Dopo la decisione dello stesso organismo costituzionale supremo che ha liberalizzato l’aborto sino alla 24esima settimana lo scorso 22 febbraio, è arrivata questa sul diritto a registrarsi con il sesso preferito e con l’obbligo amministrativo di prevedere che esso possa essere anche quello ‘non-binario’.
La Corte Costituzionale il 2 marzo scorso ha dunque stabilito che il governo deve rendere possibile per "le persone non binarie optare per questa categoria, con le stesse garanzie di coloro che si identificano ufficialmente come binari". Il tribunale stava considerando il caso di un 40enne colombiano nato maschio che ha iniziato una transizione di genere all'età di 20 anni, e nel 2015 ha cambiato il suo nome in Dani Garcia.
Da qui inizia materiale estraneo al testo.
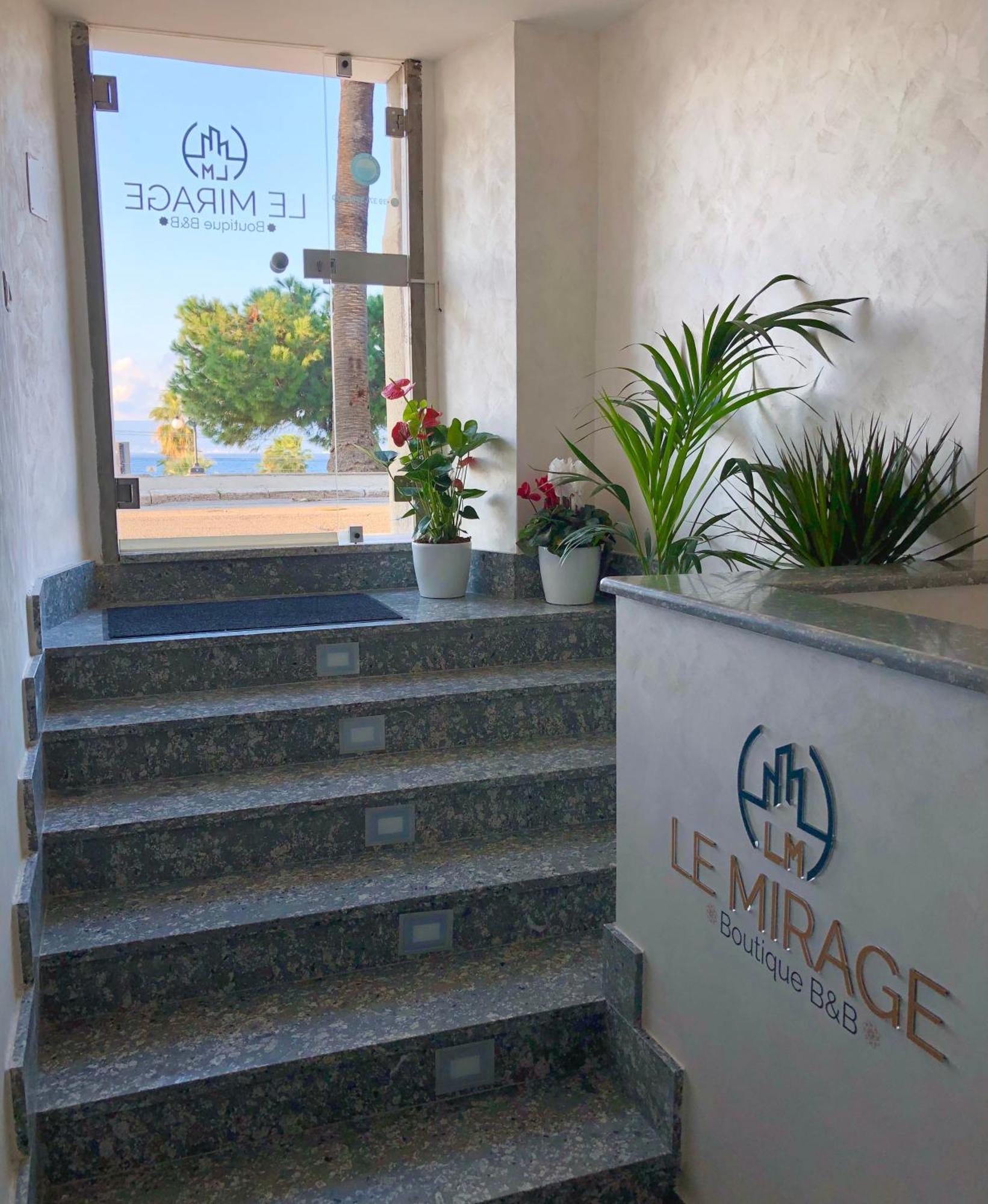 مبيت وإفطار ريجّو دي كالابريا Le Mirage Boutique II المظهر الخارجي الصورة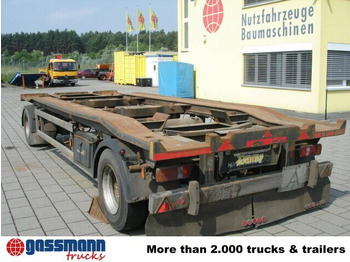 Remorque ampliroll/ Multibenne Hüffermann HAR 1870: photos 3 Remorque ampliroll/ Multibenne Hüffermann HAR 1870: photos 3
Nel 2019, Garcia ha chiesto un nuovo documento d'identità con il genere indicato come "indeterminato". La richiesta è stata inizialmente negata dal registro nazionale incaricato del rilascio dei documenti d'identità. Il tribunale, invece, ha ordinato al registro di rilasciare a Garcia un nuovo documento con una qualifica di genere non binario.
L'introduzione di una nuova categoria di genere "è un primo passo verso l'effettiva partecipazione sociale", si legge nella sentenza strutturalmente e contenutisticamente politica del tribunale. Ciò anche alla luce che solo l'1,8% dei 36 milioni di adulti della Colombia si auto identificano come membri della comunità LGBTQ, inclusi omosessuali e lesbiche che sono la stragrande maggioranza e che non si identificano come non-binari.
Siamo davanti, quindi, una sentenza di bandiera e puramente ideologica.